Early this year, my family took a trip to Disney World and Universal Studios in Florida. Both of these parks are wonderful places to spend time at because there is something for everyone. It does not matter if you’re a small child, a teen, or an adult, everyone can find things to enjoy. While we were there and discussing our itinerary I couldn’t help but notice how many of our experiences had parallels to the discussions I have with clients when it comes to investing.
The first discussion we had after buying our tickets was to create a game plan in relation to what things we were going to do each day. It was important to consider each person’s experience and look at what activities would fit their personality and needs best. This is where the conversation started to feel very familiar. Choosing each ride to go on is very similar to a conversation about investments. Let’s go deeper and look at several rides and how they relate to investment risk and reward.
In going on rides like a merry-go-round or tea cups, one could say that the risks are low. In taking a step up, there are small, but classic roller coasters like Space Mountain or the runaway train. My daughter at age 15 thought these rides were fun but my nephew at age 7 stepped off with wide eyes and a slightly panicked look. He stated he enjoyed them but also said he would not ride either again. To ramp up the excitement, one just needs to go over to Universal Studios where there are major roller coasters that would not only terrify a young child but also many adults.
Each of the above rides could be thought of as different portfolios, a conservative one, something middle of the road and then an aggressive portfolio with high risk. The difference, however, is that when it comes to amusement rides, most of us know what we are getting into long before we sit down and buckle up. For many of the rides, we can actually see the tracks and the people on it so we know how much excitement there is. If you just think of basic biology, we are wired with a fight or flight response. As we go through life our experience allow us to gain a keen sense of physical risks.

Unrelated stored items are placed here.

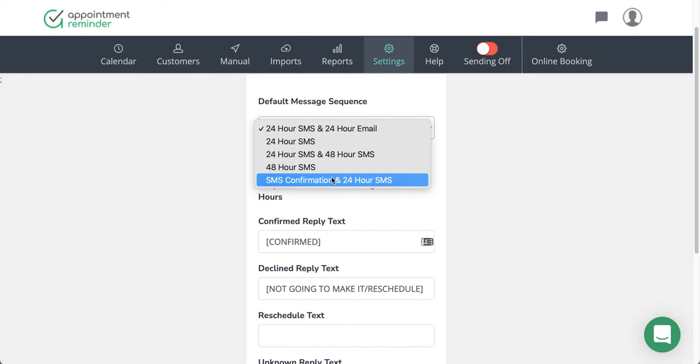A couple things to note: if you already have reminders on the calendar that have not started the sequence, they're going to be switched over to the new sequence as soon as this goes. So someone is going to get their confirmation as soon as that resyncs in two hours. Just be aware that that's going to be going out. If the sequence has already started, so if you're already running a sequence and the customer's already received their messaging, the system will not change it. Any new appointments would receive that confirmation, but any bookings that are on the page and have already started the message sequence would not receive that.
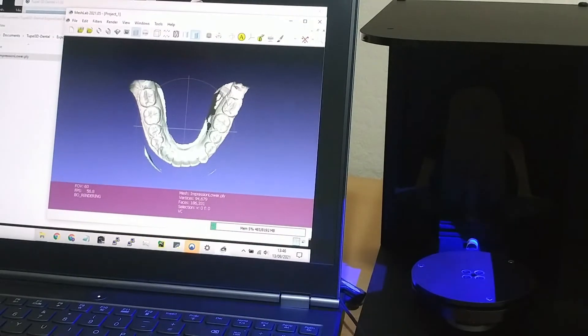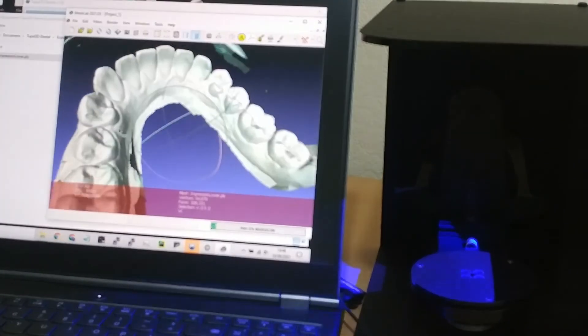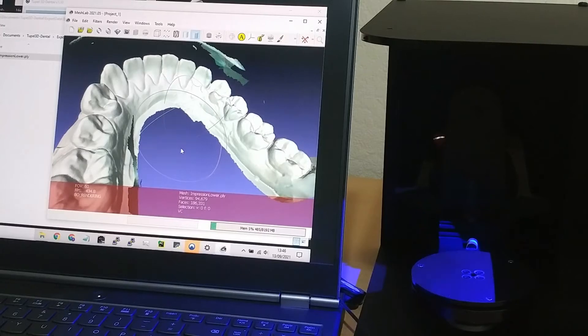And there it is. It's come out pretty well, so in this case no stone model was required.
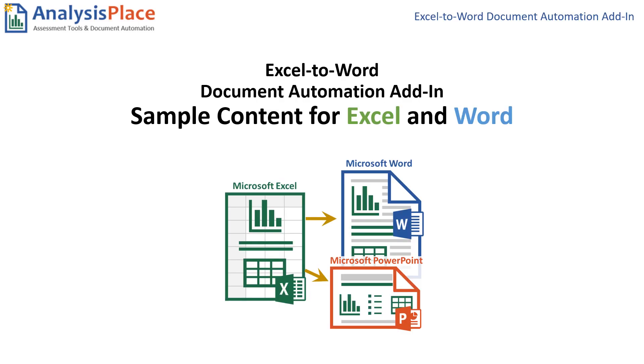We hope this video has helped to show you how our sample content can be updated between Excel and Word. If you have any further questions, please let us know.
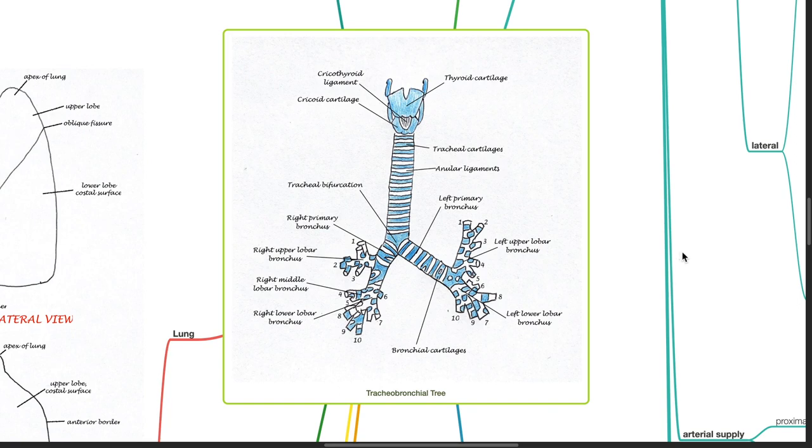Good morning, Dr. Phil here. Today we will be discussing the tracheobronchial tree.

Portfolios, just as with amusement rides, can be seen differently depending on the perspective of the individual. Take the tea cups, I have seen grown adults come off those spinning and green. Those cute rides can be a nightmare for some. Risk is an individual thing and where one might see the potential upside, others will see only the downside and more scary parts. Because each of us has a unique perspective there really are no “one size fits all” investments. Even though many investment companies design products trying to fit everyone into the same box, it is not realistic and in turn people often have disappointing results.
When it comes to investing, the risks and rewards are not easily deciphered. There is no track ahead to look at and we are certainly not wired biologically to assess non-physical risks. The reason all this is so important is that getting on the correct investment “ride” to match ones risk is critical. In working with a skilled financial professional you would go through an assessment to gauge your risk. You would then have a conversation about the details of your particular risk level. The goal of your advisor should be to help you make an informed decision where you truly understand what ride you are on before you buckle up.